ENTRIES SUPPLIED ::

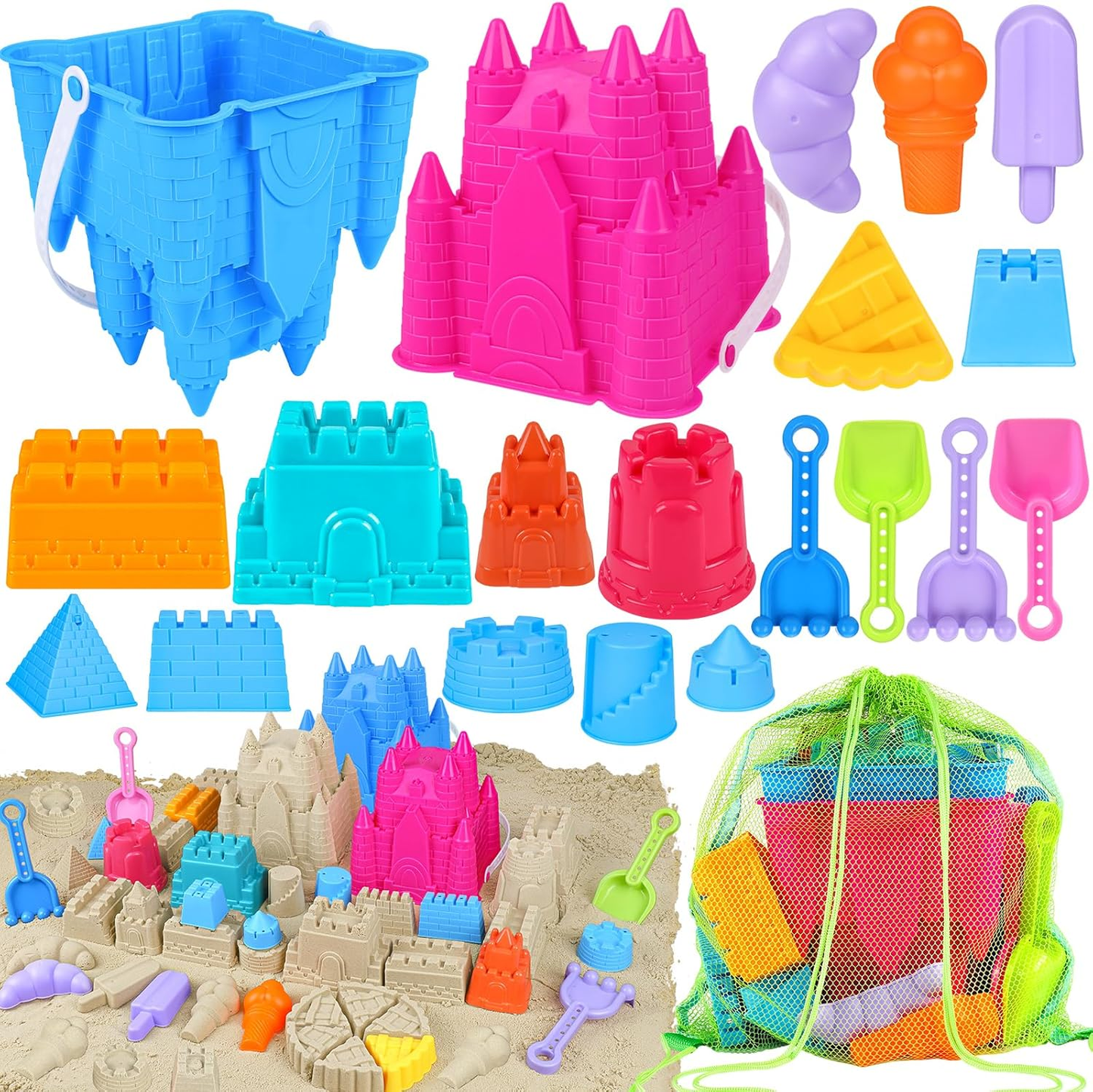 Beach Sand Castle Toys Set – 2 Castle Buckets, Mesh Bag, Molds, Shovels & Rakes for Kids Ages 3–10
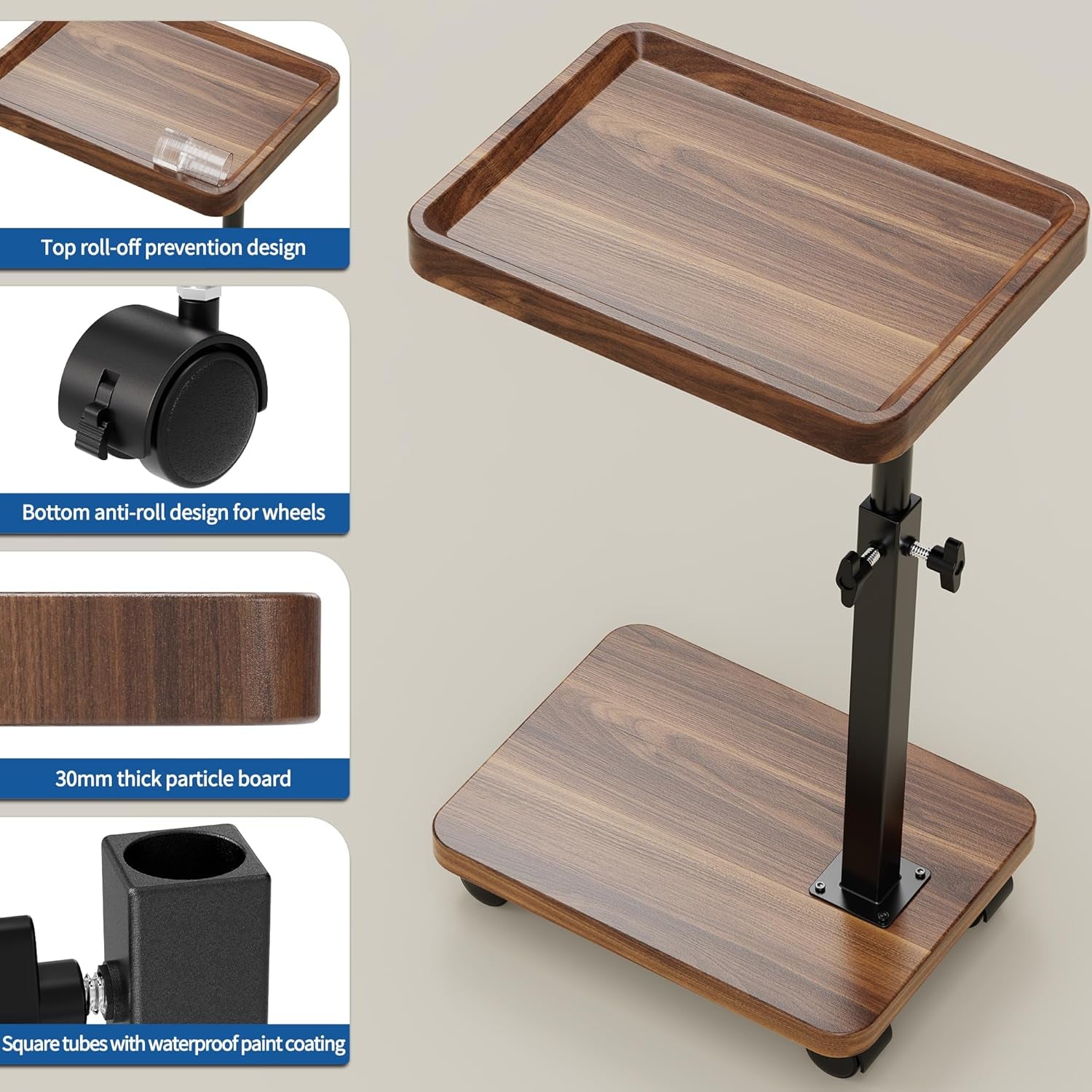 c-table-end-table-adjustable-height-360-swivel-tv-tray-table-for-small-spaces-side-tables-with-wheels-for-living-room-and-bedroom-bed-walnut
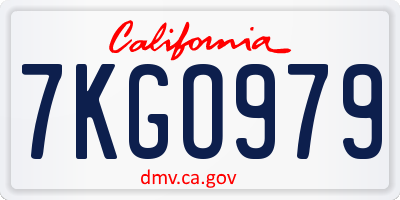 CA license plate 7KGO979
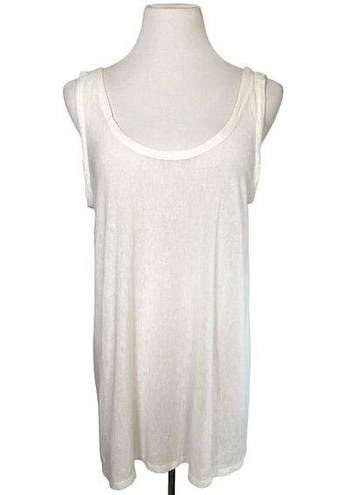 The Row  Soft Slouchy Relaxed Semi Sheer Low Scoop Tank Top Back Seam White M / L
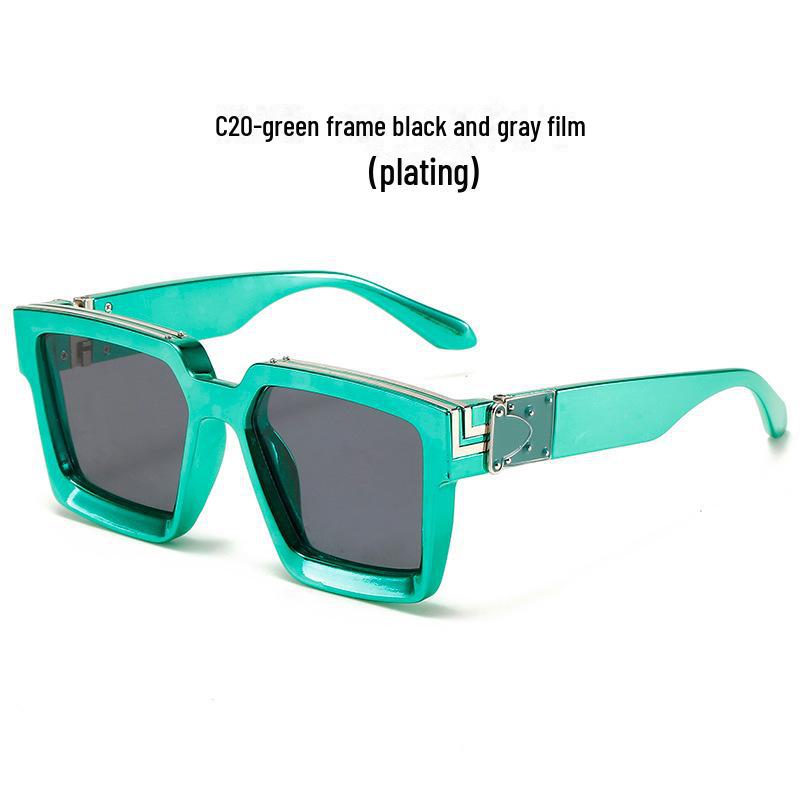 New Cross-Border Large Square Frame Sunglasses for Men & Women - Fashionable Street Style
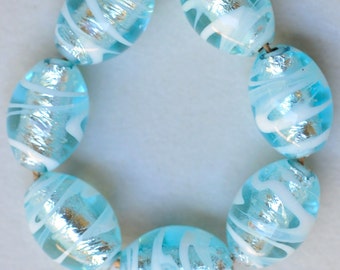 14mm x 10mm Handmade Czech Glass Foil Bead - Lamp Beads - Various Colors - Qty 2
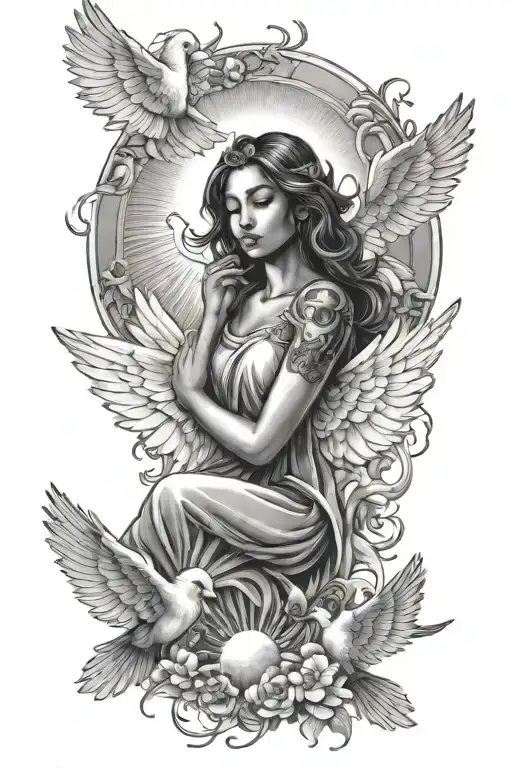 Angel Looking Down With Filipino Sun In Background And Doves In The Sky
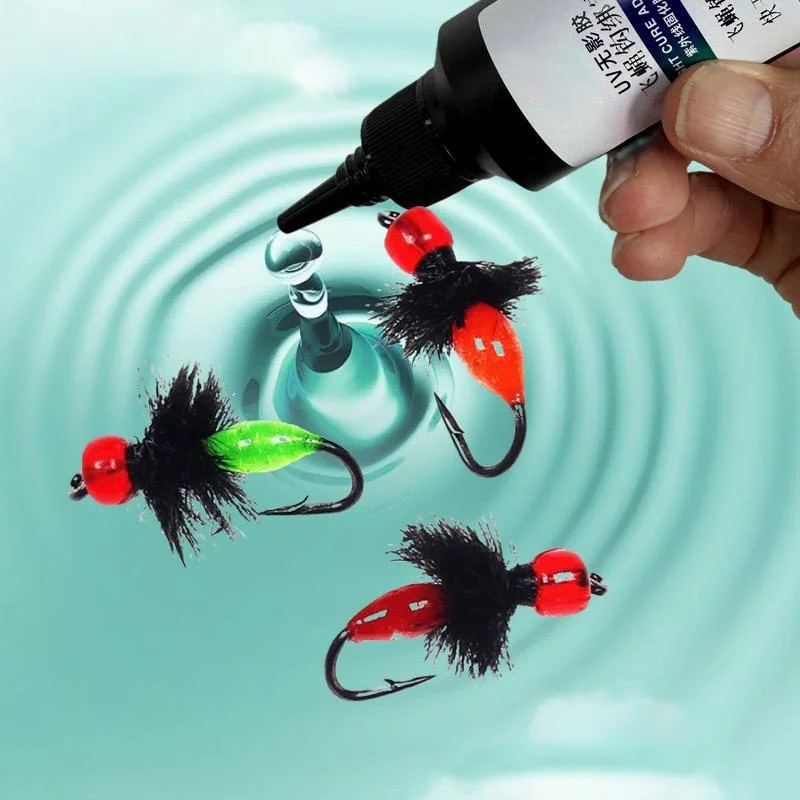 Fly hook glue uv glue uv curing water resistant strong adhesion fast drying strong fly hook UV glue DIY fishing bait production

WHAT THE TASK REQUIRES :: All entries need repeating exactly, but without the pictures.

SOLUTION BELOW ::
 Beach Sand Castle Toys Set – 2 Castle Buckets, Mesh Bag, Molds, Shovels & Rakes for Kids Ages 3–10
 c-table-end-table-adjustable-height-360-swivel-tv-tray-table-for-small-spaces-side-tables-with-wheels-for-living-room-and-bedroom-bed-walnut
 CA license plate 7KGO979
 The Row  Soft Slouchy Relaxed Semi Sheer Low Scoop Tank Top Back Seam White M / L
 New Cross-Border Large Square Frame Sunglasses for Men & Women - Fashionable Street Style
 14mm x 10mm Handmade Czech Glass Foil Bead - Lamp Beads - Various Colors - Qty 2
 Angel Looking Down With Filipino Sun In Background And Doves In The Sky
 Fly hook glue uv glue uv curing water resistant strong adhesion fast drying strong fly hook UV glue DIY fishing bait production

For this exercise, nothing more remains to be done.